> [TASK] From the records below, output exactly the lines starting at the line with "Jenaer Teamlauf 2024 (Foto: © Veranstalter) Jenaer" and ending at the line with "Ford Transit 2022", both of them included, but no pictures.

> [SUPPLIED ENTRIES]
'''
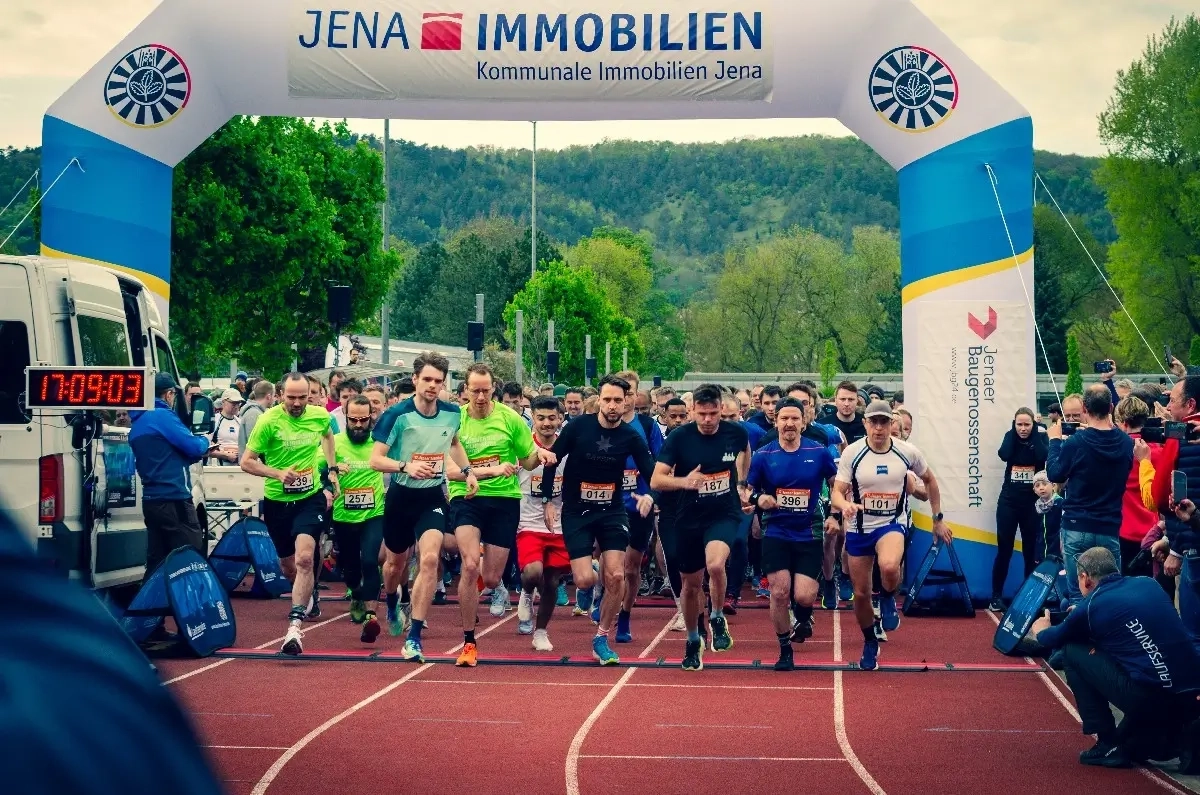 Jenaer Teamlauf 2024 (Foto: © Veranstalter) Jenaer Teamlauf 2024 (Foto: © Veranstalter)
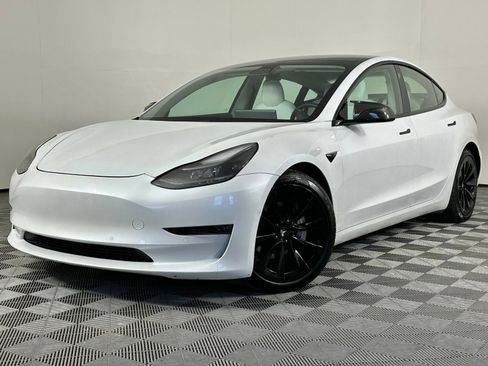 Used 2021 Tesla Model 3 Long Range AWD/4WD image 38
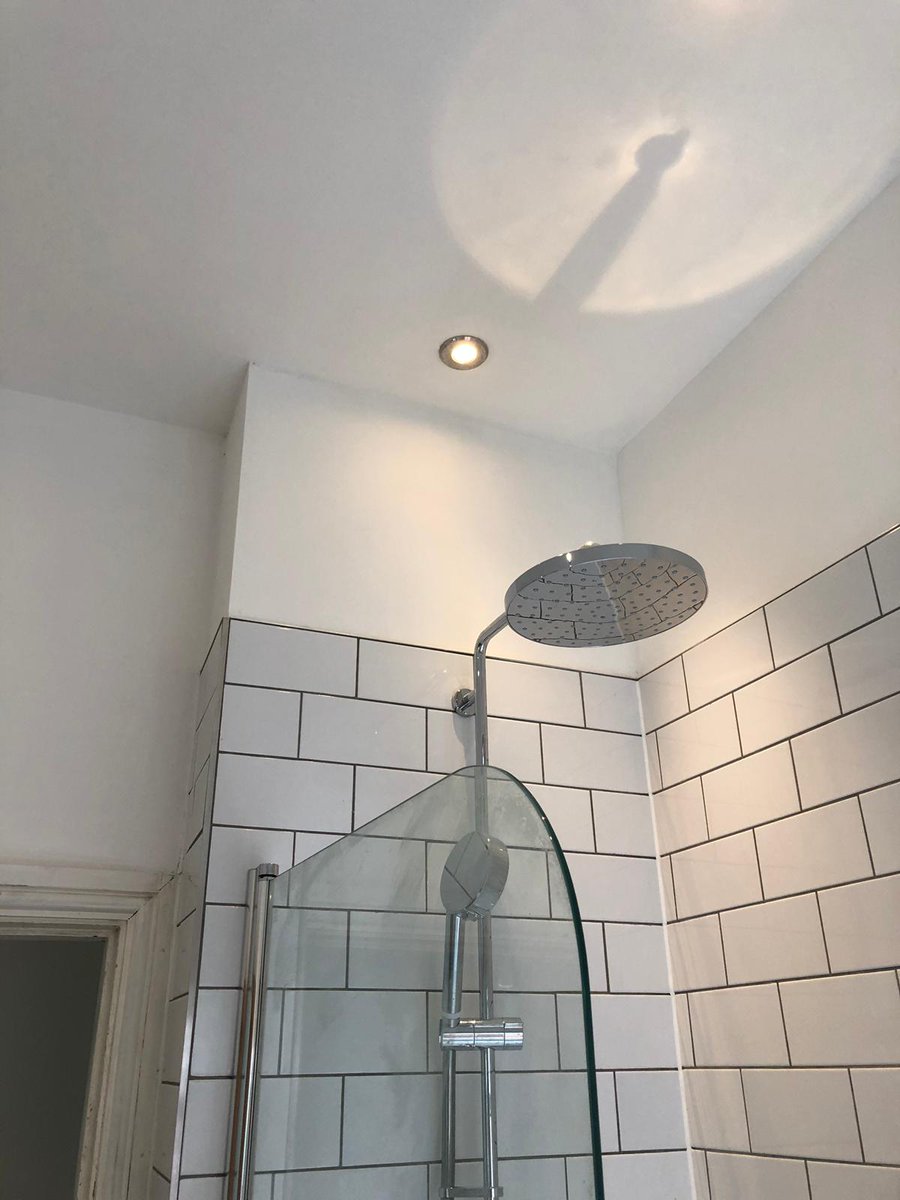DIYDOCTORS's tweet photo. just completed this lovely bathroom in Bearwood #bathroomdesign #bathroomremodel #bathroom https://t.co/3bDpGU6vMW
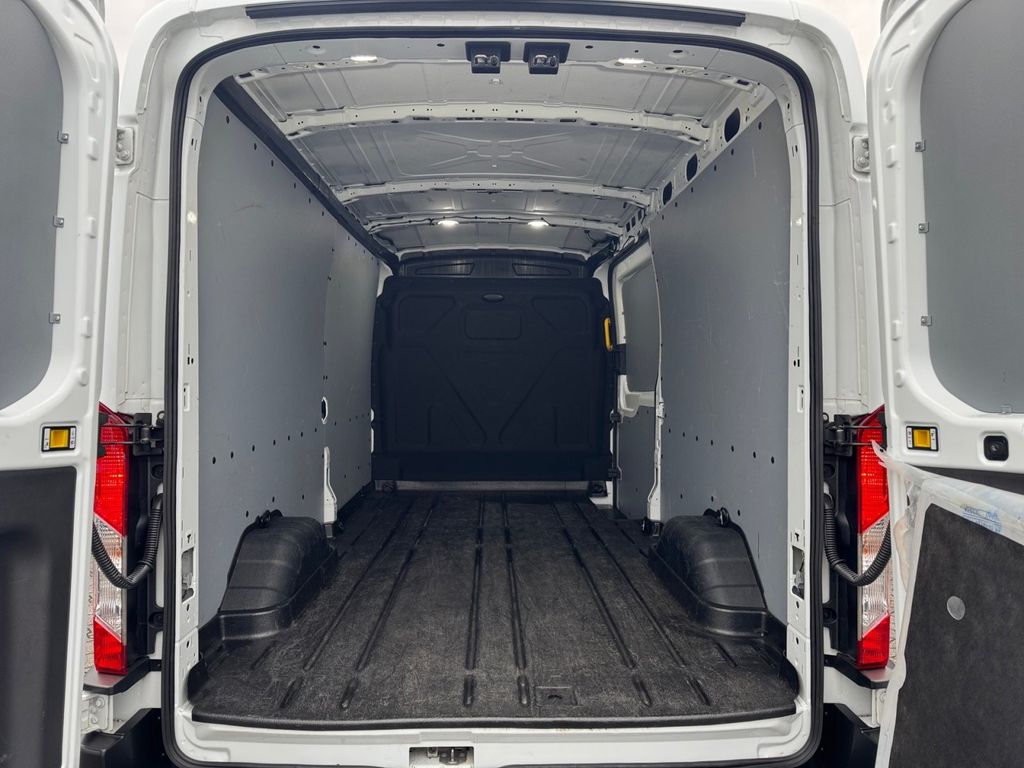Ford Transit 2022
'''
'''
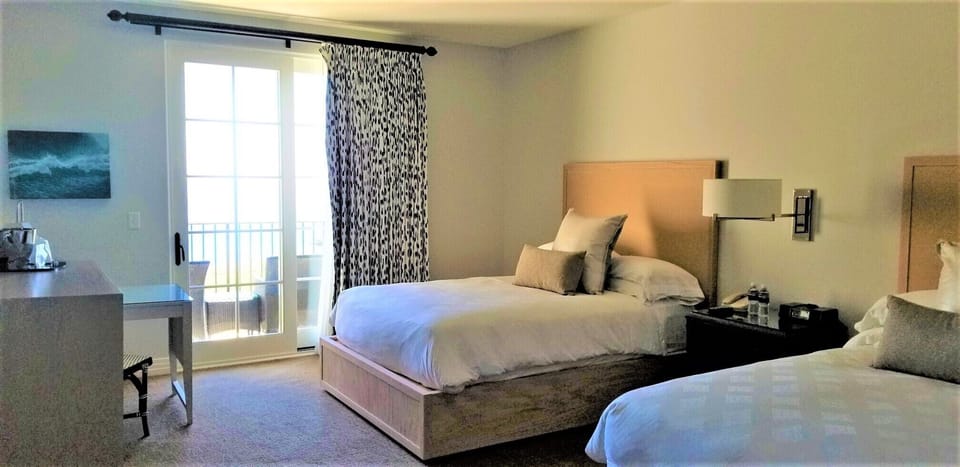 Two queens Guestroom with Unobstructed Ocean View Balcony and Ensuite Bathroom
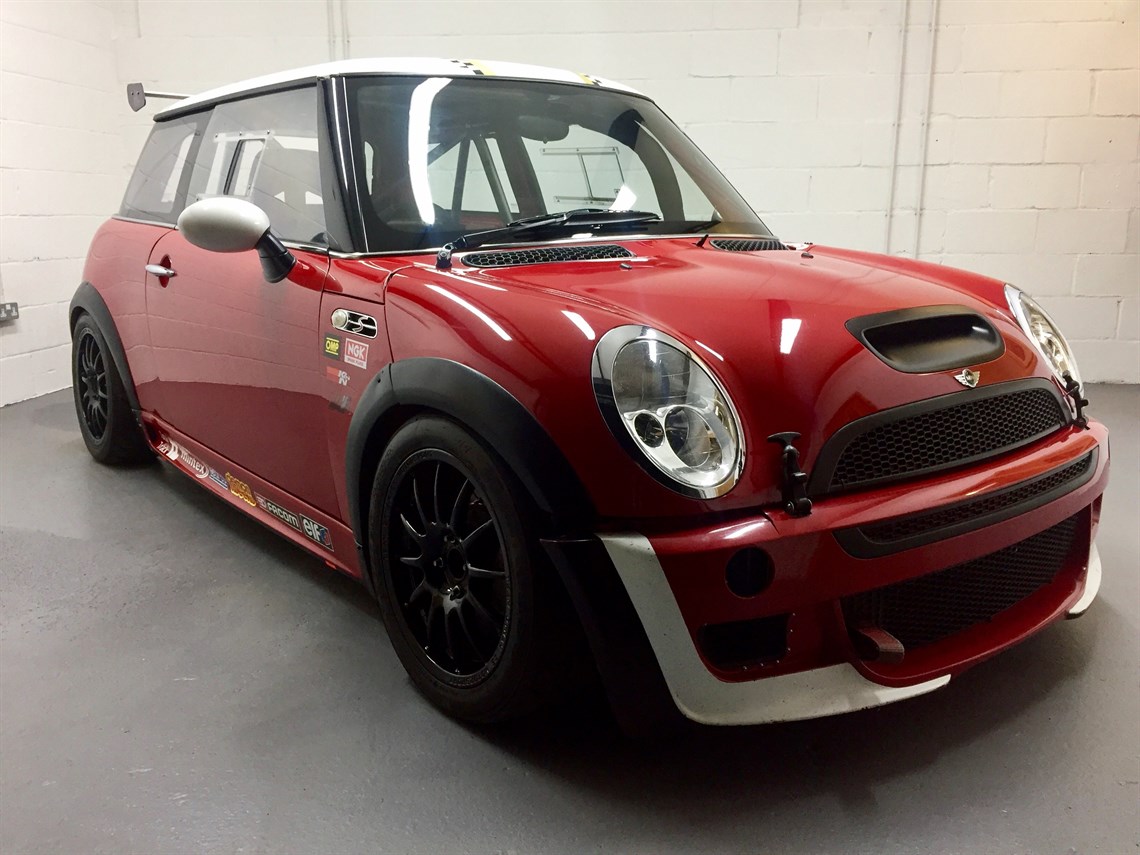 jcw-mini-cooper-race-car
'''
> [REPLY TO THE EXERCISE]
 Jenaer Teamlauf 2024 (Foto: © Veranstalter) Jenaer Teamlauf 2024 (Foto: © Veranstalter)
 Used 2021 Tesla Model 3 Long Range AWD/4WD image 38
DIYDOCTORS's tweet photo. just completed this lovely bathroom in Bearwood #bathroomdesign #bathroomremodel #bathroom https://t.co/3bDpGU6vMW
Ford Transit 2022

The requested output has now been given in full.